Repeat each entry exactly; omit all pictures.

Records from a collection:
*** Begin section ***
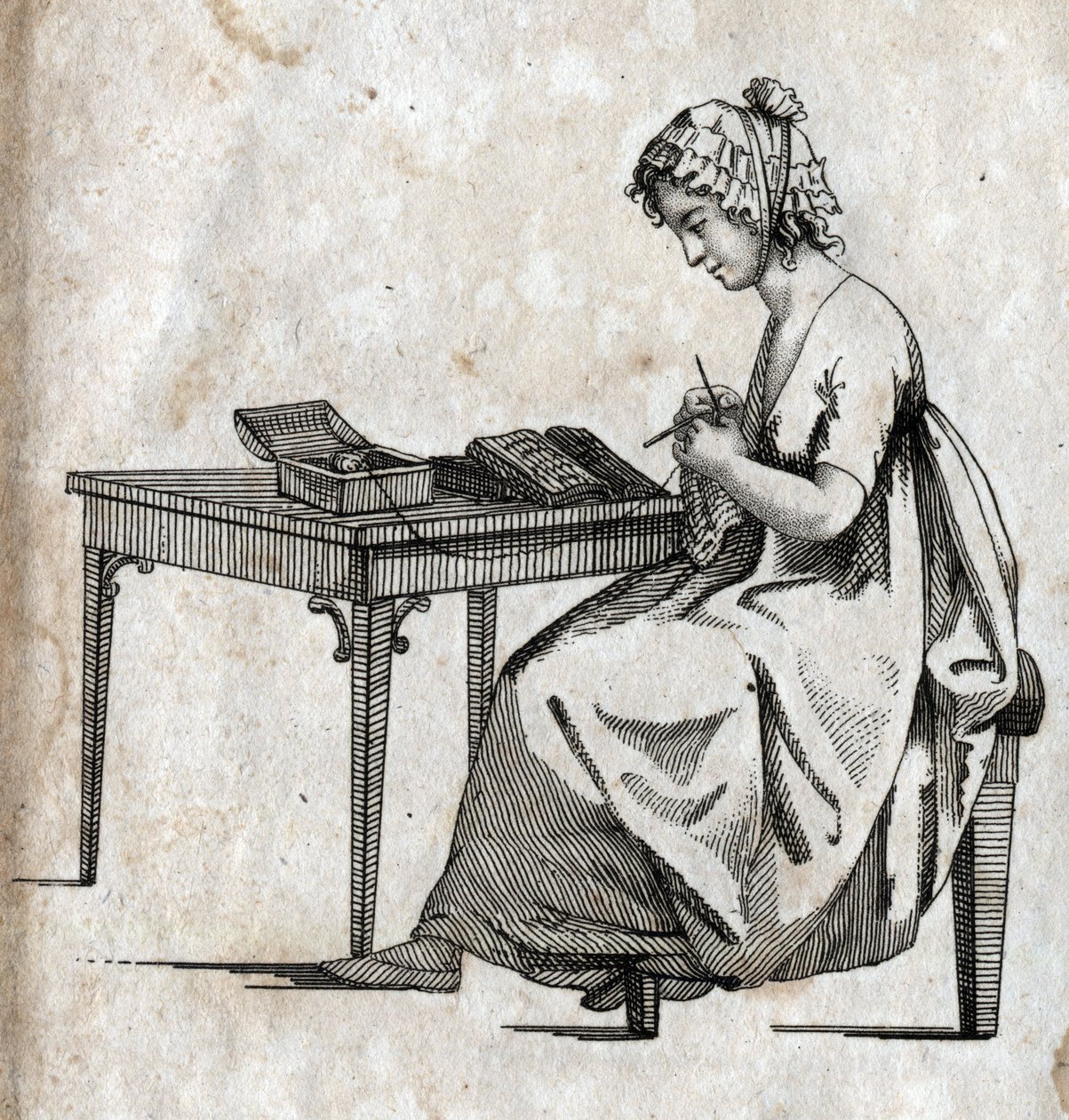 Machine à tricoter : femme occupée à tricoter de la laine. Gravure fin XVIIIe siècle. Collection privée. - Unknown artist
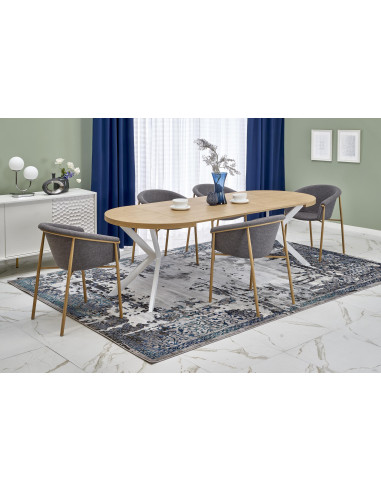 VISIONE Stół Rozkładany Dąb Złoty Fi100-250cm - Elegancja i Praktyczność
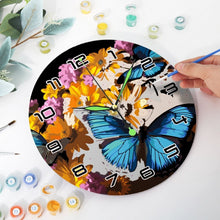 Charger l'image dans la galerie, Horloge Peinture par Numéros - Papillons et Fleurs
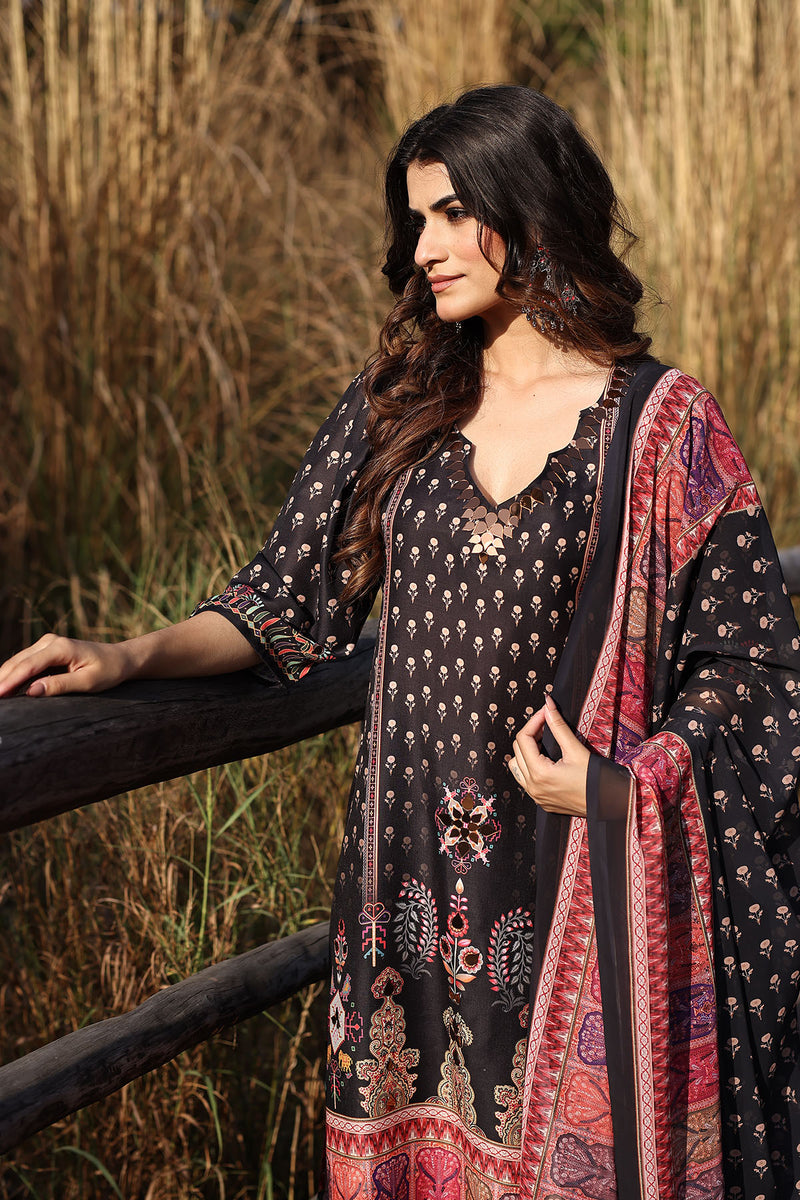 Ebony Black Muslin Kurta Set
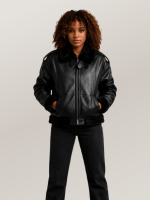 Women's Black B-3 Bomber Leather Jacket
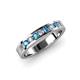 3 - Vanna 2.20 mm London Blue Topaz and Diamond 9 Stone Wedding Band 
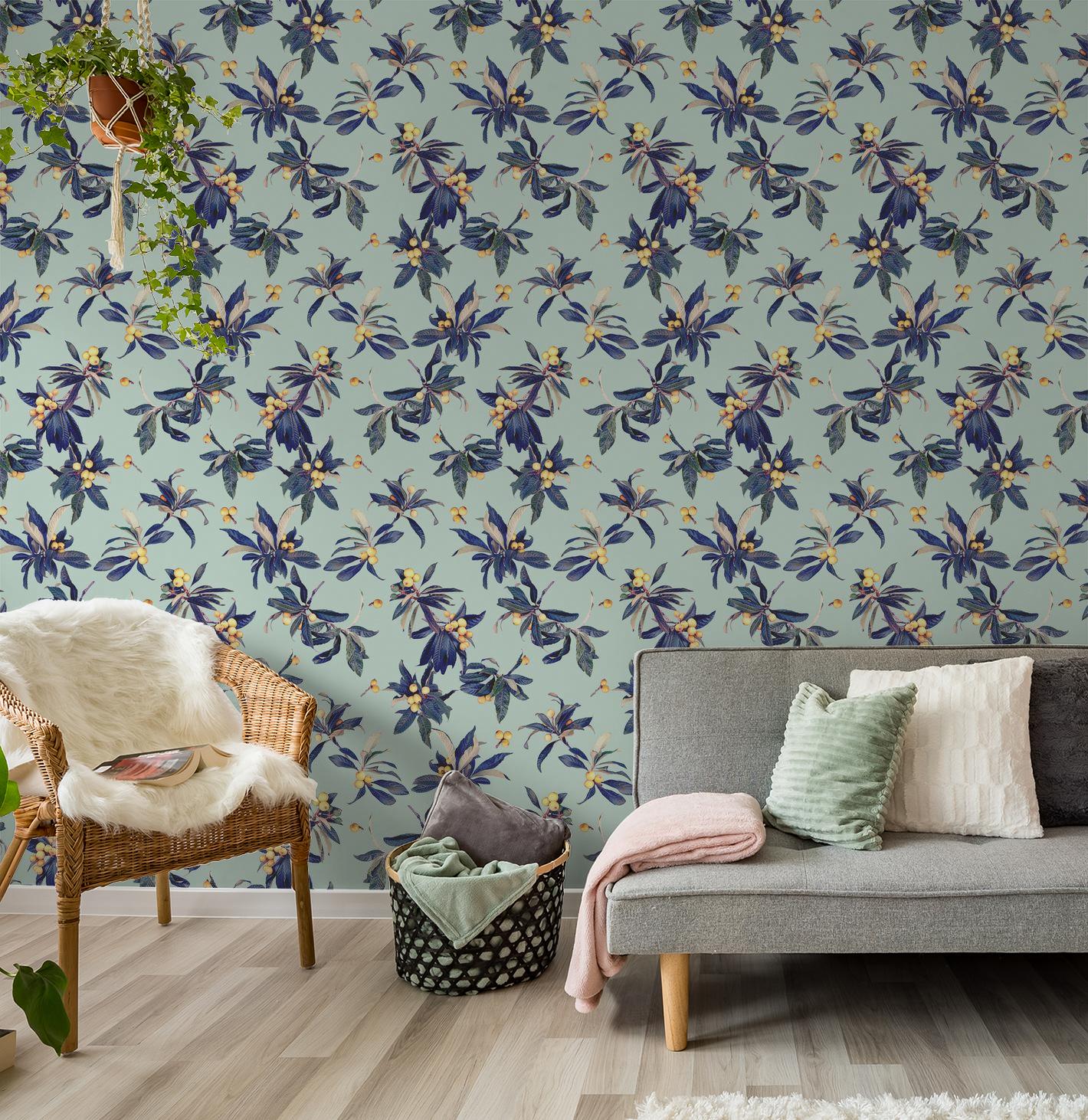 Loquat Love Wallpaper, mint - mosswell.us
*** End section ***
Response to the exercise:
 Machine à tricoter : femme occupée à tricoter de la laine. Gravure fin XVIIIe siècle. Collection privée. - Unknown artist
 VISIONE Stół Rozkładany Dąb Złoty Fi100-250cm - Elegancja i Praktyczność
 Charger l'image dans la galerie, Horloge Peinture par Numéros - Papillons et Fleurs
 Ebony Black Muslin Kurta Set
 Women's Black B-3 Bomber Leather Jacket
 3 - Vanna 2.20 mm London Blue Topaz and Diamond 9 Stone Wedding Band 
 Loquat Love Wallpaper, mint - mosswell.us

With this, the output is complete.